An annual retainer for chairmen of the following committees: audit committee - $3,000; compensation committee - $2,000; nominating and corporate governance committee - $1,000.

 

   

Reimbursement of out-of pocket expenses incurred in attending or participating in meetings of the board of directors or its committees.

Restricted Stock

Prior to 2008, non-employee directors of the company also received an award of 15,000 restricted shares of common stock annually pursuant to an award made in the first quarter of the fiscal year. Beginning in 2008, this award was structured as an award of restricted stock units (RSUs). The restricted shares (or RSUs) vest as follows: installments of 1,250 restricted shares (or RSUs) each vest on the last day of each of the company’s fiscal quarters during the year and the remaining 10,000 restricted shares (or RSUs) vest only in the event that a change-in-control of the company occurs or is approved during the period beginning on the first day of the second quarter of the current fiscal year and ending on the last day of the first quarter of the following fiscal year.

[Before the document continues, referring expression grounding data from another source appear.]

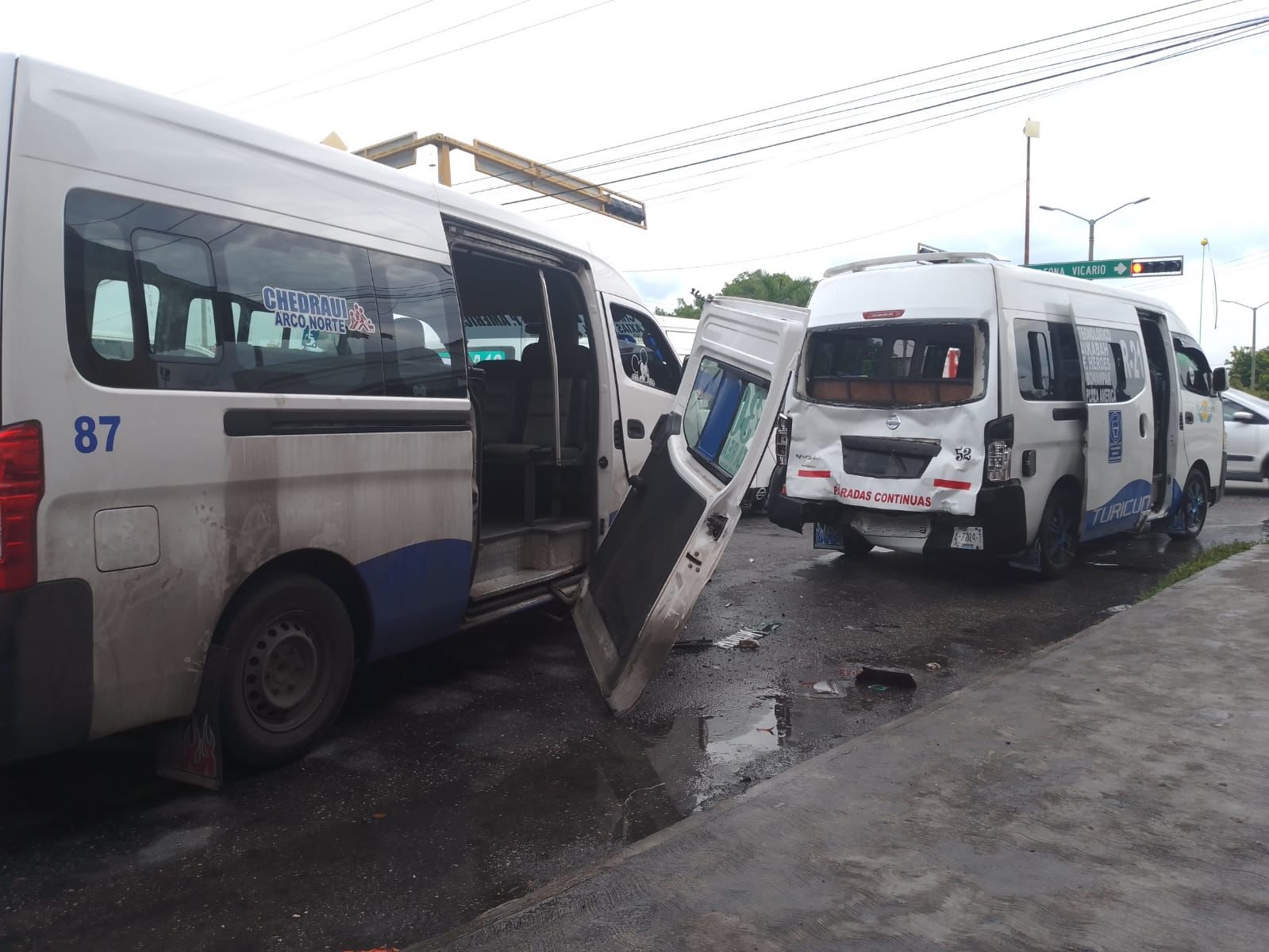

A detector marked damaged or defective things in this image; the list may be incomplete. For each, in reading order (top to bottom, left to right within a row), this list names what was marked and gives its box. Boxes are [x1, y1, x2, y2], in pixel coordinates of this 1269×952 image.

detached van door [573, 299, 802, 716]
broken rear window [797, 322, 984, 409]
damaged white van [761, 254, 1228, 578]
detached van door [1075, 307, 1157, 543]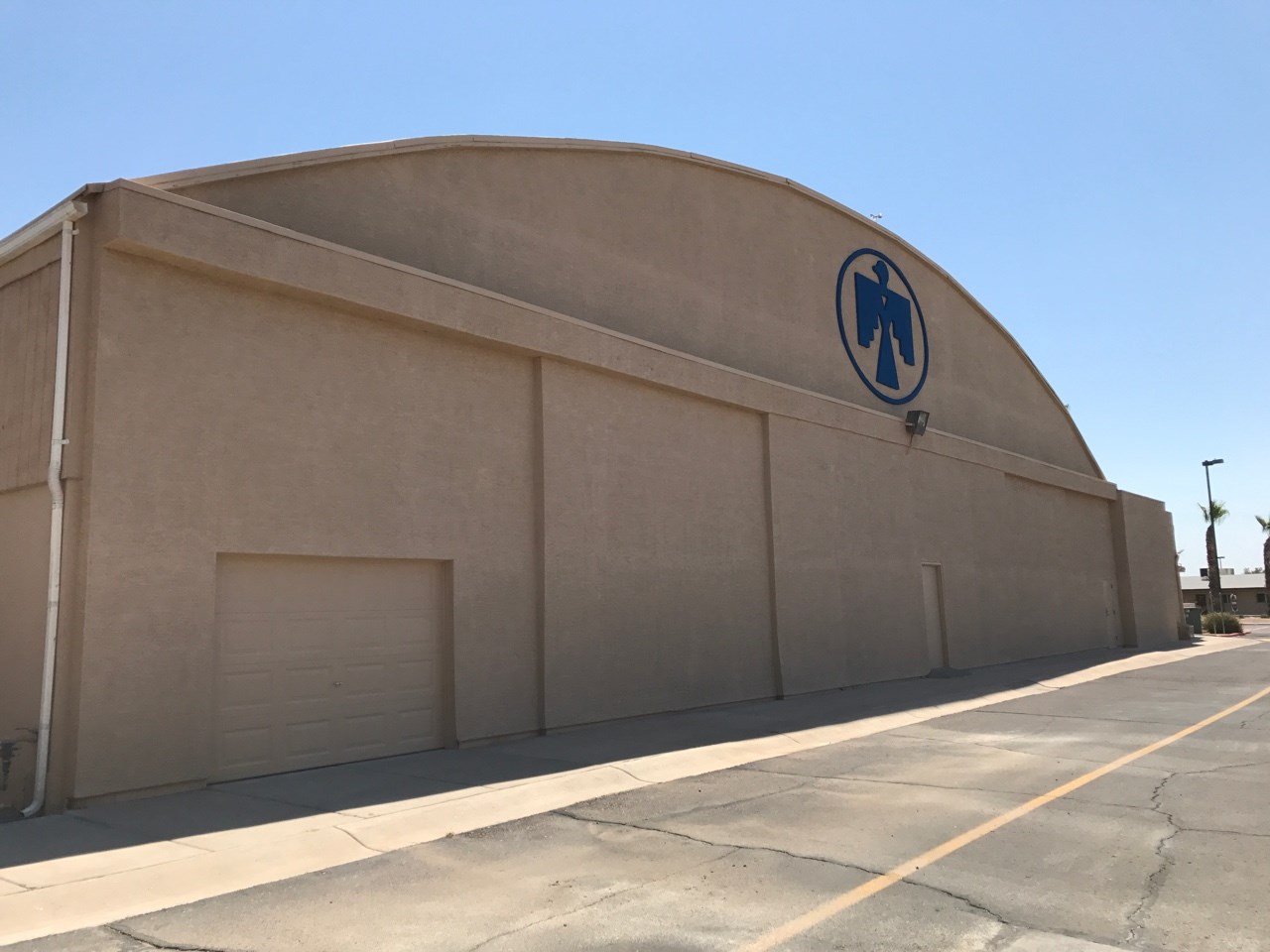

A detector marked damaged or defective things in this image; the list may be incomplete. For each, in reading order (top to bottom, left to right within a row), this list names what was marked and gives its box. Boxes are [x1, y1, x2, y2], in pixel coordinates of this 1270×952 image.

The restricted shares (or RSUs) are forfeited if the individual is no longer a member of the board of directors on the vesting dates. The vesting on all of the restricted shares (or RSUs) accelerate in the event of a change-in-control of the company. All awards are made under the company’s shareholder-approved equity incentive plans. The terms and conditions governing these awards are stated in the form of restricted stock agreement for non-employee directors and form of restricted stock unit award agreement for non-employee directors filed as exhibits to the company’s annual report on Form 10-K.

Stock Options

Stock options may be granted periodically to non-employee directors under the company’s shareholder-approved equity incentive plans. The size and the terms of any grant are determined by the compensation committee of the board of directors. In all


cases, the exercise price of the option is determined at fair market value on the date of grant. Generally, options are exercisable and vest in three annual installments on the first three anniversaries of the date of grant, and the option expires seven years from the date of grant.